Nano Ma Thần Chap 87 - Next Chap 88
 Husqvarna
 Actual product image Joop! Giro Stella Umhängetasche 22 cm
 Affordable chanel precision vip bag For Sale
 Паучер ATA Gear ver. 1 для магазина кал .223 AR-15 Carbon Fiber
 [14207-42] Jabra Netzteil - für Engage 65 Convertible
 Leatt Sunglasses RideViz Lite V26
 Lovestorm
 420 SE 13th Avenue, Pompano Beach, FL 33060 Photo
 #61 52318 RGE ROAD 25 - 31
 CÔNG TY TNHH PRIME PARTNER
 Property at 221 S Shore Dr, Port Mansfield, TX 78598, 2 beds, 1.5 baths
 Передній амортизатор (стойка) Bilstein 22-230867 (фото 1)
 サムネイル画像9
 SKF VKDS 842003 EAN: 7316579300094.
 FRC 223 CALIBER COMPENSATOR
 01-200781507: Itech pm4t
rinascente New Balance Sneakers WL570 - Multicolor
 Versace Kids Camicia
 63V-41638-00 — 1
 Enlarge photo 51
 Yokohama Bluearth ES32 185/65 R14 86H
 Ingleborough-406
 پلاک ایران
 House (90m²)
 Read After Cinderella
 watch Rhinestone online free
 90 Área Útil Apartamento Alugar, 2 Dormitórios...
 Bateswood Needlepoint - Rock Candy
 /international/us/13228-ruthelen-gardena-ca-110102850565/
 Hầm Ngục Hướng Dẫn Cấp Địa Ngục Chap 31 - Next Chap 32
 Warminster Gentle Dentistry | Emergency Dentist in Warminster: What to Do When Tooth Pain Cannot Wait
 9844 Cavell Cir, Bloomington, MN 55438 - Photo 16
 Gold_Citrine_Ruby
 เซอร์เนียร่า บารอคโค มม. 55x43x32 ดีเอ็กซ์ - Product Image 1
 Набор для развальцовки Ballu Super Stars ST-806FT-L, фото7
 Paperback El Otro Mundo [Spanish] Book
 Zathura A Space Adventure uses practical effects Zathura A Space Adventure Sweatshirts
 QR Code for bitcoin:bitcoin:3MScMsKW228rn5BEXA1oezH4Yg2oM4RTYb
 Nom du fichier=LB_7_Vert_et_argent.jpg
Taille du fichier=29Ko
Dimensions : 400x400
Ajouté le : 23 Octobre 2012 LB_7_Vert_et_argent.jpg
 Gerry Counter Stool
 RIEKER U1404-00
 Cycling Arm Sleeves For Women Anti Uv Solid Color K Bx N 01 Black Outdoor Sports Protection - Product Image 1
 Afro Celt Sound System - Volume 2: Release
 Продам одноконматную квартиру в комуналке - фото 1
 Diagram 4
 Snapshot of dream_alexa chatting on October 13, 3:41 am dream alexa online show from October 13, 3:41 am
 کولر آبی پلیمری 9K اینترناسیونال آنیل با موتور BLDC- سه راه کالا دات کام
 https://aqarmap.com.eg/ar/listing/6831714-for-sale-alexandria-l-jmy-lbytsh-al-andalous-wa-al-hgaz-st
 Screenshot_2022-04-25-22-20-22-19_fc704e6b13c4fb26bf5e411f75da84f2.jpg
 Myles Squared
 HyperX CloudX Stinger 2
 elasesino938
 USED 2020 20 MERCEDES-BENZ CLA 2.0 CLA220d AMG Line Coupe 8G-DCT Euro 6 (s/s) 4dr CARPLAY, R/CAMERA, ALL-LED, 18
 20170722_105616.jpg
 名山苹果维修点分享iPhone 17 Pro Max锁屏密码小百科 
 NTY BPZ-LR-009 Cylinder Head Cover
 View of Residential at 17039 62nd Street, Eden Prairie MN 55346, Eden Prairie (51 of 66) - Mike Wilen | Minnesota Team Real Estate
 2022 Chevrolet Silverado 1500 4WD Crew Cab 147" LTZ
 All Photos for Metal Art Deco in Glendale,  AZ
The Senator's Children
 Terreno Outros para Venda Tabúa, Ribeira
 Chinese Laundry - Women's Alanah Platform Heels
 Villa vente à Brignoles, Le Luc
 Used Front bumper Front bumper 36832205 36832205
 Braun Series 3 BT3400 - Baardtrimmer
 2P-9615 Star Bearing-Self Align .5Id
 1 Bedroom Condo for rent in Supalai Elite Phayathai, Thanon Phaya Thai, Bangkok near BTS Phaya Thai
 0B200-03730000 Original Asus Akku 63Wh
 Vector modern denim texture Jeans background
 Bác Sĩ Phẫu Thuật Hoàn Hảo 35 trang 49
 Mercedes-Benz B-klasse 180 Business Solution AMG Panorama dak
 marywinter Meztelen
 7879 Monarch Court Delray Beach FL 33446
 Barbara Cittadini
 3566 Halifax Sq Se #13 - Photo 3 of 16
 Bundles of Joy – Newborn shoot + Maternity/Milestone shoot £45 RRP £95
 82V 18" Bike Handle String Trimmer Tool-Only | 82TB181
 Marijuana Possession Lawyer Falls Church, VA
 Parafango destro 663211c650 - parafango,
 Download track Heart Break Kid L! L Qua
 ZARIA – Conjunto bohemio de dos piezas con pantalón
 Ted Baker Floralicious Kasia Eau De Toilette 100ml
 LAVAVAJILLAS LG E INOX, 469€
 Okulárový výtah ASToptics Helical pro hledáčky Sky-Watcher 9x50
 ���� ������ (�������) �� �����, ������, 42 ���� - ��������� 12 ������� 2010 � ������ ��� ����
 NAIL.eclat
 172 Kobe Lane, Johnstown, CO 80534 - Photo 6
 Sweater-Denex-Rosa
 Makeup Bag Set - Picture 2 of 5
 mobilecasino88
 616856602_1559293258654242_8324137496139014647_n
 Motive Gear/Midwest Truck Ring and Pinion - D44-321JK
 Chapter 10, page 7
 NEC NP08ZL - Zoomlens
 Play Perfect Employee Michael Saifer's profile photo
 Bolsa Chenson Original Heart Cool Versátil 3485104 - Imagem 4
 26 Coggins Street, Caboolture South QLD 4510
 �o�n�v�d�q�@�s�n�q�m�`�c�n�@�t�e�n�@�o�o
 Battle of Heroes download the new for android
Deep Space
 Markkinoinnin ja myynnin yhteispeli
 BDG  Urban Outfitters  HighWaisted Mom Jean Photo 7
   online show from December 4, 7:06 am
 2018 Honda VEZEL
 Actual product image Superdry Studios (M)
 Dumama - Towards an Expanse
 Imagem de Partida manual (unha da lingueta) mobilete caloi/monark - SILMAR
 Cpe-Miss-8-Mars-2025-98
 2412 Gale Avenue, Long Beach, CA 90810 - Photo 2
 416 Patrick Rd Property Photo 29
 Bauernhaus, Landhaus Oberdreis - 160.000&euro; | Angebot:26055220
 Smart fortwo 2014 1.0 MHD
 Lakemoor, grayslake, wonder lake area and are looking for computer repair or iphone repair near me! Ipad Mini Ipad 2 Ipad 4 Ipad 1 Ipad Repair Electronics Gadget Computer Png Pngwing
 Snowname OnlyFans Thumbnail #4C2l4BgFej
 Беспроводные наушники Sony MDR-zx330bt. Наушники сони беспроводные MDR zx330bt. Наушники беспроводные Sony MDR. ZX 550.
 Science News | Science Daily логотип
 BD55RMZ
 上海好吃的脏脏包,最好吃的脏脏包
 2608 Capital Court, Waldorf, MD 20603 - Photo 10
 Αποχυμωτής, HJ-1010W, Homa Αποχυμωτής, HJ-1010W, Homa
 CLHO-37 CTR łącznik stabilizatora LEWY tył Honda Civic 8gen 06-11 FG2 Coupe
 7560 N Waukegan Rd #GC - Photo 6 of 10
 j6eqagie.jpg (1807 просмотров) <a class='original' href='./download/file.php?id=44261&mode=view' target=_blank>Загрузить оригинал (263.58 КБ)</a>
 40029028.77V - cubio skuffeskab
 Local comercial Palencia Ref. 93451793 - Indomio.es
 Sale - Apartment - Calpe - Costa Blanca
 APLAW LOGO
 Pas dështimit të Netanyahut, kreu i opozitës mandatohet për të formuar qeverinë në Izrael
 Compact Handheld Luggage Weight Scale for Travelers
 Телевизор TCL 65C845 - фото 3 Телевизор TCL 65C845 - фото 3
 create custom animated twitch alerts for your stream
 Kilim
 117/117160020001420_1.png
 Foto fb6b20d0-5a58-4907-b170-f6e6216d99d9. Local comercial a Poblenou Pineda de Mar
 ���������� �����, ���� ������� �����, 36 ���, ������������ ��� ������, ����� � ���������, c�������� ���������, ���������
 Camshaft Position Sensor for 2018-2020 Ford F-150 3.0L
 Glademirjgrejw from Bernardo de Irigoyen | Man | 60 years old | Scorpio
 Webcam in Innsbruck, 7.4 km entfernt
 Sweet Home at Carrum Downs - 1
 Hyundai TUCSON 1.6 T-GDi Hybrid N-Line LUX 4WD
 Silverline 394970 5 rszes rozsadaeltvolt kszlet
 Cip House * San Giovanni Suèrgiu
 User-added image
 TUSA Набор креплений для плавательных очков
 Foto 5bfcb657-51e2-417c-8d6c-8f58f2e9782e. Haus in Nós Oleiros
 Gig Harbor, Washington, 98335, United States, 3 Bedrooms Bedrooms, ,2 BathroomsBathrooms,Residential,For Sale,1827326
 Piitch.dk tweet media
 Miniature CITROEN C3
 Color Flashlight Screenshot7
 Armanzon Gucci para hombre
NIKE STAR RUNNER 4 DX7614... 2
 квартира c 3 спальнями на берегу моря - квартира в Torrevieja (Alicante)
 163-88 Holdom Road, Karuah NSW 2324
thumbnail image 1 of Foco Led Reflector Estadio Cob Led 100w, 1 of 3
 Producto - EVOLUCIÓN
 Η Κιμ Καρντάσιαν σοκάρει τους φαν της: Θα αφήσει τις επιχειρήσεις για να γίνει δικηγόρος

+===+

* [What the exercise asks]
Return, with no change at all, every line in the entries above from the line containing "Property at 221" through the line containing "Dimensions : 400x400".

* [Written response]
 Property at 221 S Shore Dr, Port Mansfield, TX 78598, 2 beds, 1.5 baths
 Передній амортизатор (стойка) Bilstein 22-230867 (фото 1)
 サムネイル画像9
 SKF VKDS 842003 EAN: 7316579300094.
 FRC 223 CALIBER COMPENSATOR
 01-200781507: Itech pm4t
rinascente New Balance Sneakers WL570 - Multicolor
 Versace Kids Camicia
 63V-41638-00 — 1
 Enlarge photo 51
 Yokohama Bluearth ES32 185/65 R14 86H
 Ingleborough-406
 پلاک ایران
 House (90m²)
 Read After Cinderella
 watch Rhinestone online free
 90 Área Útil Apartamento Alugar, 2 Dormitórios...
 Bateswood Needlepoint - Rock Candy
 /international/us/13228-ruthelen-gardena-ca-110102850565/
 Hầm Ngục Hướng Dẫn Cấp Địa Ngục Chap 31 - Next Chap 32
 Warminster Gentle Dentistry | Emergency Dentist in Warminster: What to Do When Tooth Pain Cannot Wait
 9844 Cavell Cir, Bloomington, MN 55438 - Photo 16
 Gold_Citrine_Ruby
 เซอร์เนียร่า บารอคโค มม. 55x43x32 ดีเอ็กซ์ - Product Image 1
 Набор для развальцовки Ballu Super Stars ST-806FT-L, фото7
 Paperback El Otro Mundo [Spanish] Book
 Zathura A Space Adventure uses practical effects Zathura A Space Adventure Sweatshirts
 QR Code for bitcoin:bitcoin:3MScMsKW228rn5BEXA1oezH4Yg2oM4RTYb
 Nom du fichier=LB_7_Vert_et_argent.jpg
Taille du fichier=29Ko
Dimensions : 400x400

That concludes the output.